### Extracted records
----

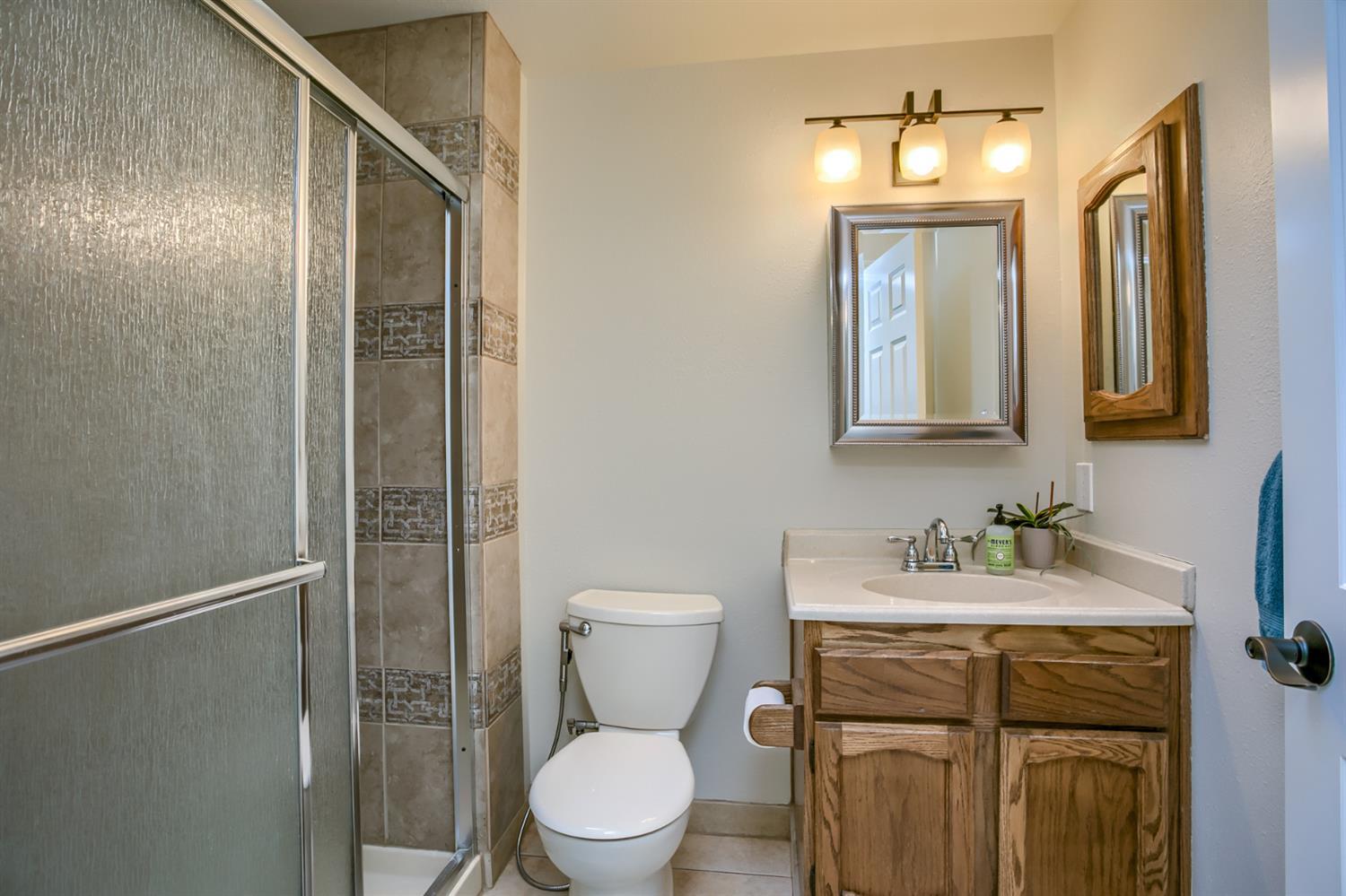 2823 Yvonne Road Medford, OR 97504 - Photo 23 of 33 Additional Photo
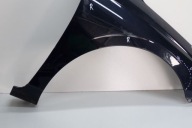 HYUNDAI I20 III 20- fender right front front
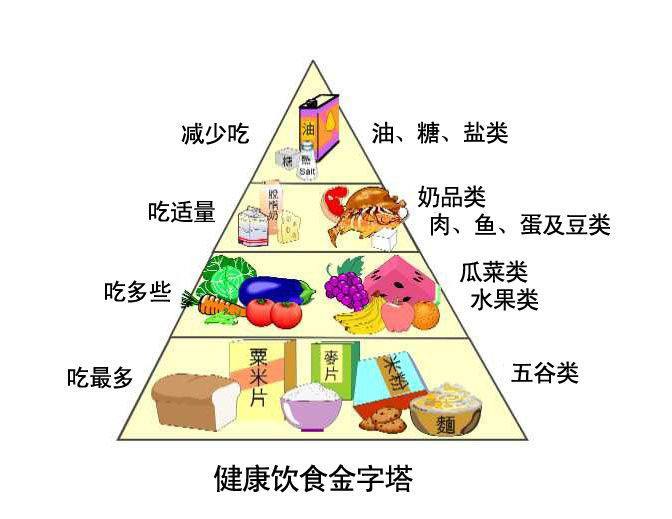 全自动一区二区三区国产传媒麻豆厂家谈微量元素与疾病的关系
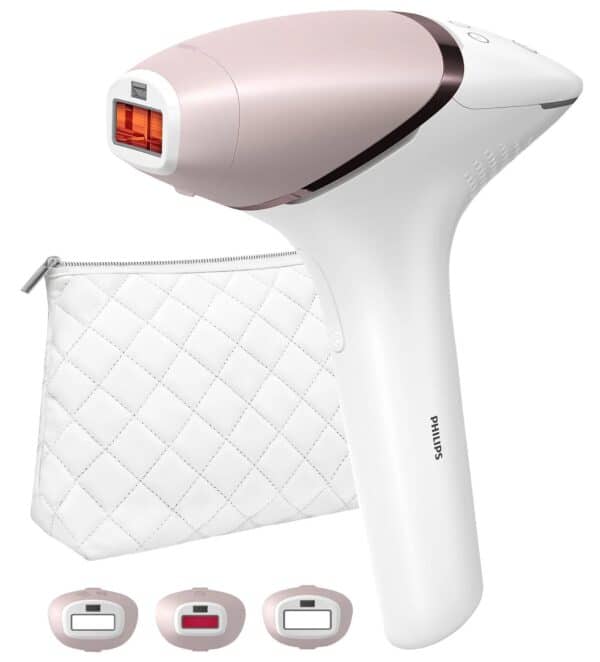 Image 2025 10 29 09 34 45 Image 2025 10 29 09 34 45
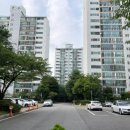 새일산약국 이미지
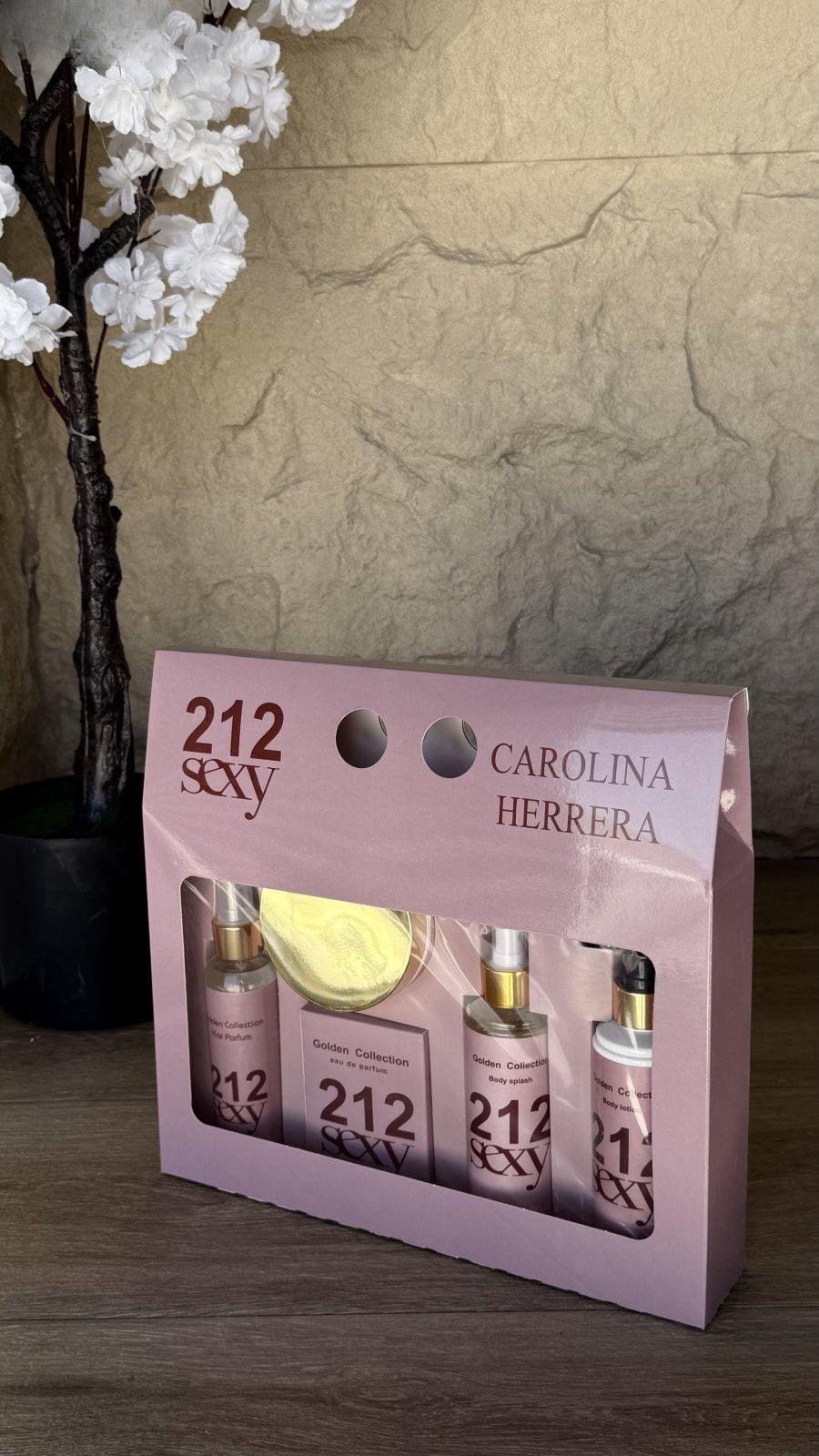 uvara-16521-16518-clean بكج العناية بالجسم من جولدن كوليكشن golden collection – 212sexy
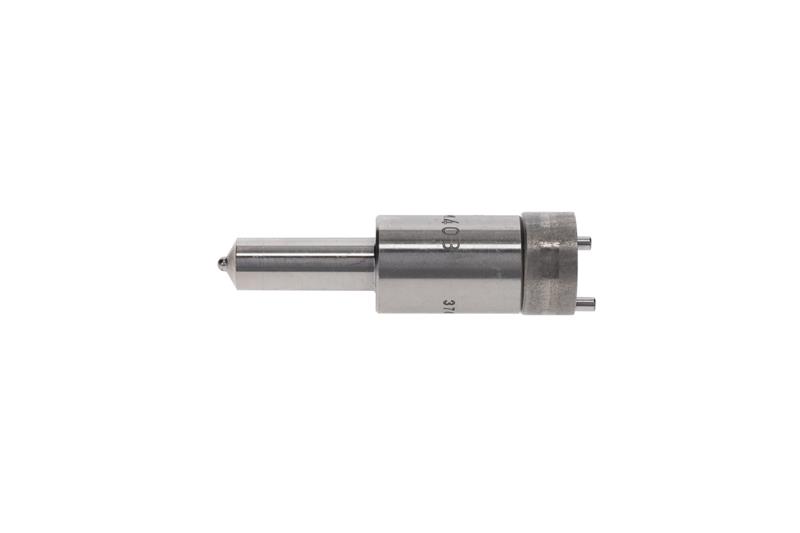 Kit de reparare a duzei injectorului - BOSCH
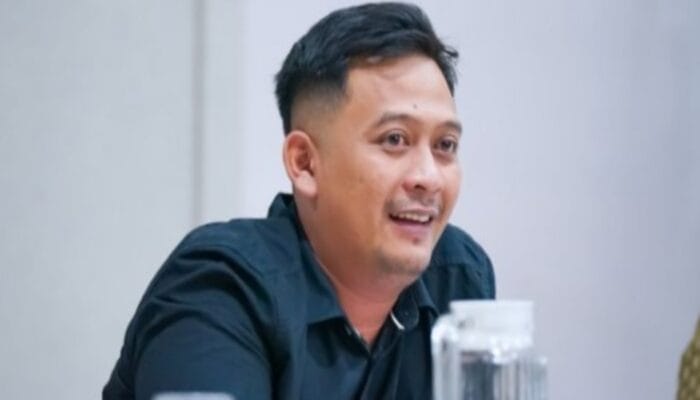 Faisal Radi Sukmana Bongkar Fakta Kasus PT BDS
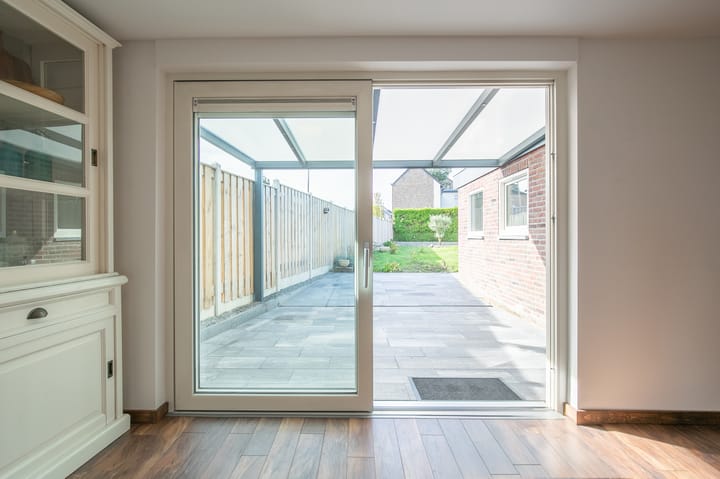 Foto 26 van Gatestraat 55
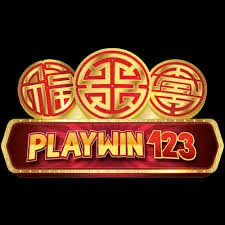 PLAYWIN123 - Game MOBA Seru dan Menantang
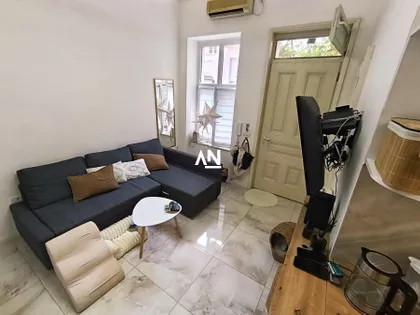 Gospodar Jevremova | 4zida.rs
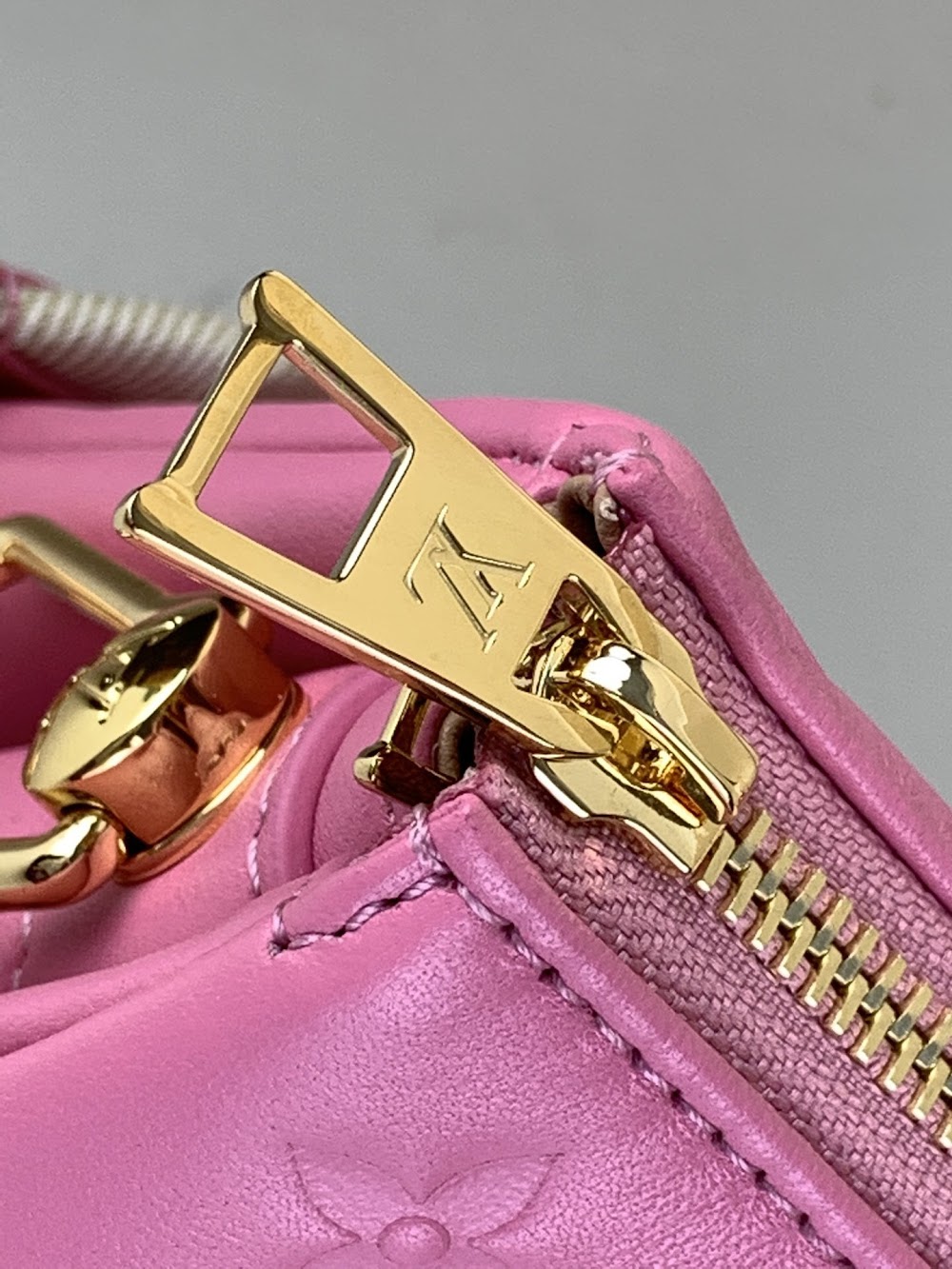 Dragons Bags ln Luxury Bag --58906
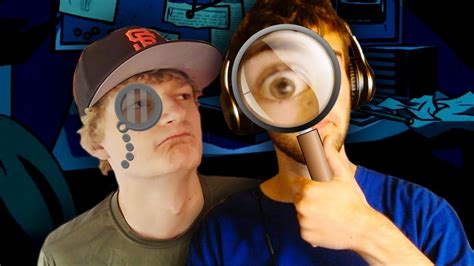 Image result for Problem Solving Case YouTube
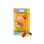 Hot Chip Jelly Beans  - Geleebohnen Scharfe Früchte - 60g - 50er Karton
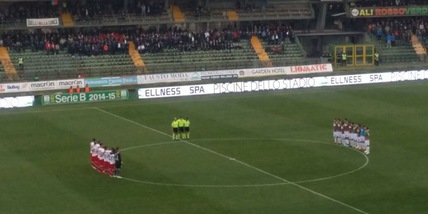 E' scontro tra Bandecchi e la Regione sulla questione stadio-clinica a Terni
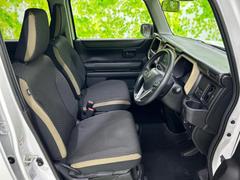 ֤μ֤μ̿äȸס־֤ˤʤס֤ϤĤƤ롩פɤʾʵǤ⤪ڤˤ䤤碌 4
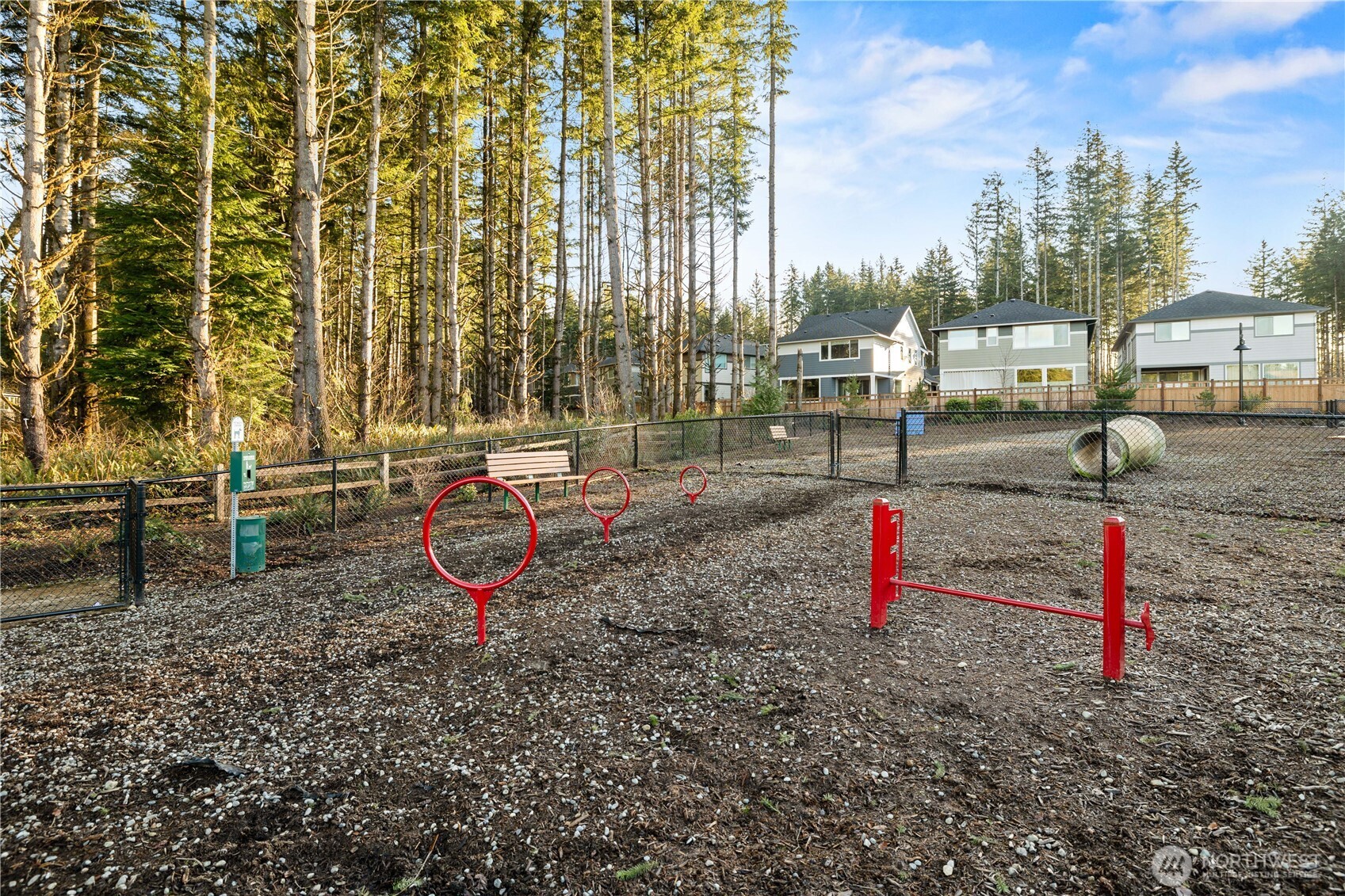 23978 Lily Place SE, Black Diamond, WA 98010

----

### WHAT IS BEING ASKED
Please take the lines from the beginning of the data above through the line holding "Gospodar Jevremova | 4zida.rs" and transcribe them exactly, without any pictures.

### WRITTEN SOLUTION
 2823 Yvonne Road Medford, OR 97504 - Photo 23 of 33 Additional Photo
 HYUNDAI I20 III 20- fender right front front
 全自动一区二区三区国产传媒麻豆厂家谈微量元素与疾病的关系
 Image 2025 10 29 09 34 45 Image 2025 10 29 09 34 45
 새일산약국 이미지
 uvara-16521-16518-clean بكج العناية بالجسم من جولدن كوليكشن golden collection – 212sexy
 Kit de reparare a duzei injectorului - BOSCH
 Faisal Radi Sukmana Bongkar Fakta Kasus PT BDS
 Foto 26 van Gatestraat 55
 PLAYWIN123 - Game MOBA Seru dan Menantang
 Gospodar Jevremova | 4zida.rs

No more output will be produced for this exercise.